Hmmm i wonder how long it would take somebody to solve all those cubes


----------



## 4Chan (Oct 26, 2009)

According to the UWR, around a day or so.


----------



## masterofthebass (Oct 26, 2009)

This is from Cubeworks. I know sarah and eric were working with the 'artist' at some point. Not sure who worked on this.


----------



## Edward (Oct 26, 2009)

Holy crap, i wonder if this is that guy who wanted to get like 600 cubes cheap.


----------



## Sa967St (Oct 26, 2009)

masterofthebass said:


> This is from Cubeworks. I know sarah and eric were working with the 'artist' at some point. Not sure who worked on this.


 Eric did most of it. I only did a few panels



brunson said:


> 4,050 cubes.
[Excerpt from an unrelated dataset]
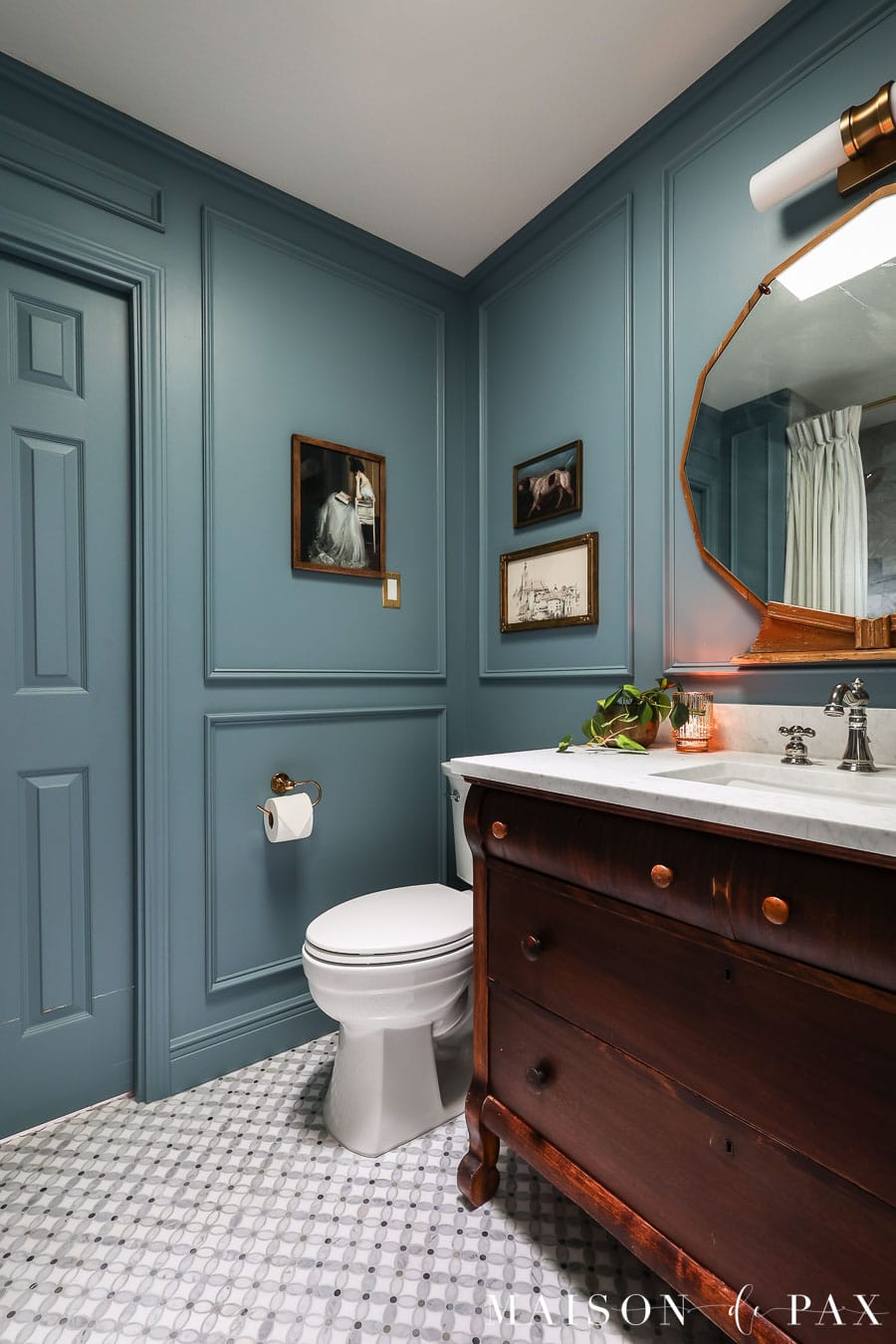 blue bathroom with mosaic marble floor tiles that look like little flowers
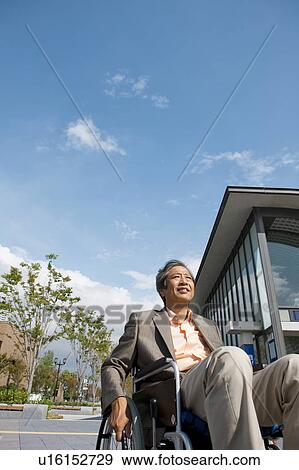 Stock Photo - Senior man on wheelchair. Fotosearch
Someone has way too much time on their hands.


 but we got paid 



Sandbest said:


> sub_zero1983 said:
> 
> 
> > Hmmm i wonder how long it would take somebody to solve all those cubes
> ...


they were very cheap cubes, like the ones you can buy at the dollar store, and so I'm pretty sure it would take much longer than that


----------



## IamWEB (Oct 26, 2009)

THAT IS AWESOME.


----------



## DavidSanders (Oct 26, 2009)

That is well done. I would like to see it in person. Anyone know exactly where it is being held?


----------



## Sa967St (Oct 26, 2009)

DavidSanders said:


> That is well done. I would like to see it in person. Anyone know exactly where it is being held?
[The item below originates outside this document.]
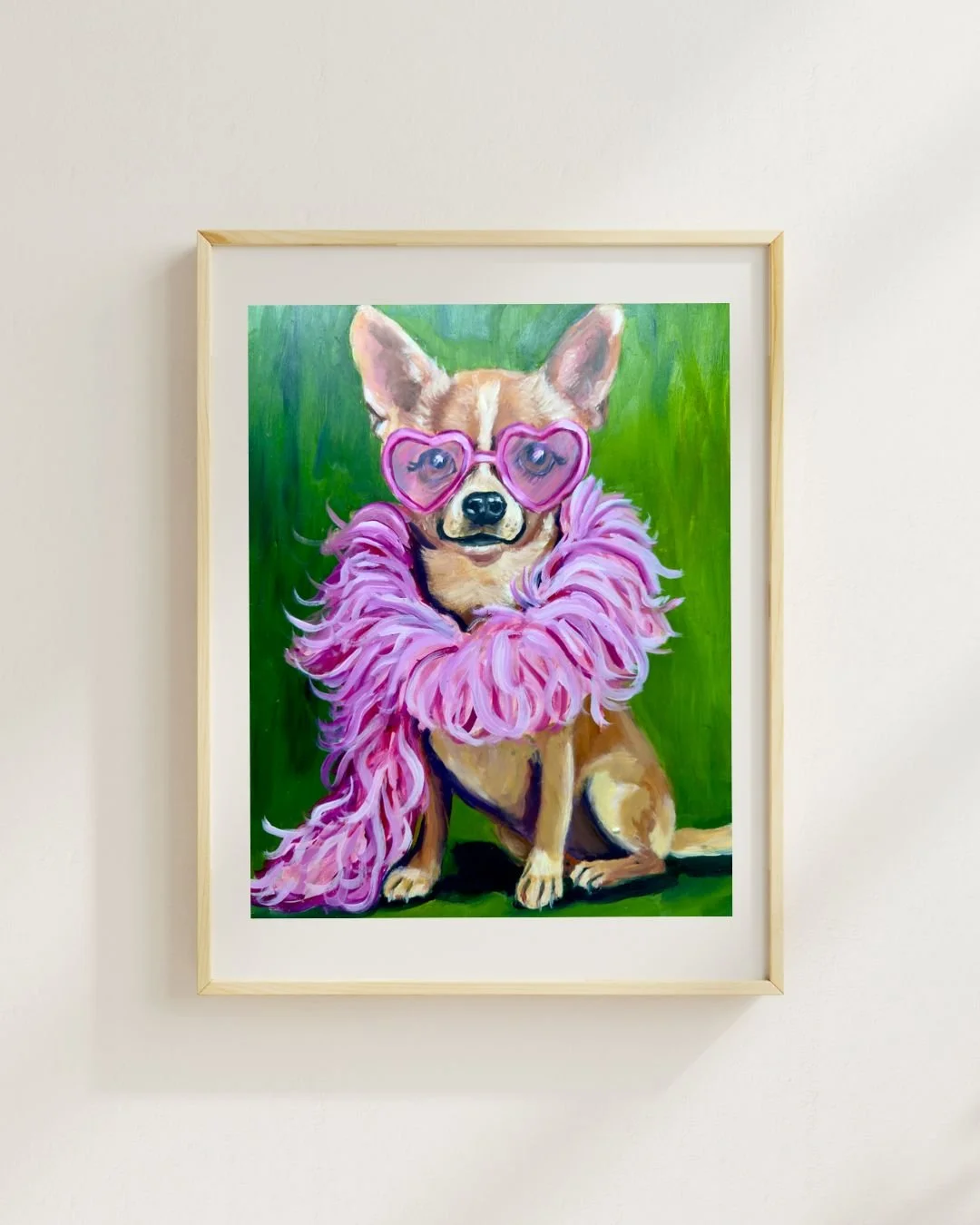 Original oil painting of a brown Chihuahua dog sitting against a vibrant green background. The dog is wearing large pink heart-shaped sunglasses and a thick, fluffy pink feather boa.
'twas sent to the guy in Florida who bought it ...


----------



## IamWEB (Oct 26, 2009)

How much were you paid for helping?


----------



## JLarsen (Oct 26, 2009)

Why is it all cube related news is incredibly short? They can't do a little research? Go a little more in depth? It was like 5 sentences...


----------



## fundash (Oct 27, 2009)

Sn3kyPandaMan said:


> Why is it all cube related news is incredibly short? They can't do a little research? Go a little more in depth? It was like 5 sentences...


+1

I agree with you.


----------



## guitardude7241 (Oct 27, 2009)

I remember this guy asking for cubes... that's some pretty good art!


----------



## Twofu2 (Oct 28, 2009)

I agree, but wow! That's Amazing! That must have taken alot of time and dedication. Imagine you're almost done and suddenly a ball hits it and destroys it. Just saying...


----------



## Sa967St (Nov 17, 2009)

~bump~

there's an article about this 
http://www.metronews.ca/toronto/local/article/367893--cubing-supper

also, the original video was removed, but someone else re-uploaded it:


----------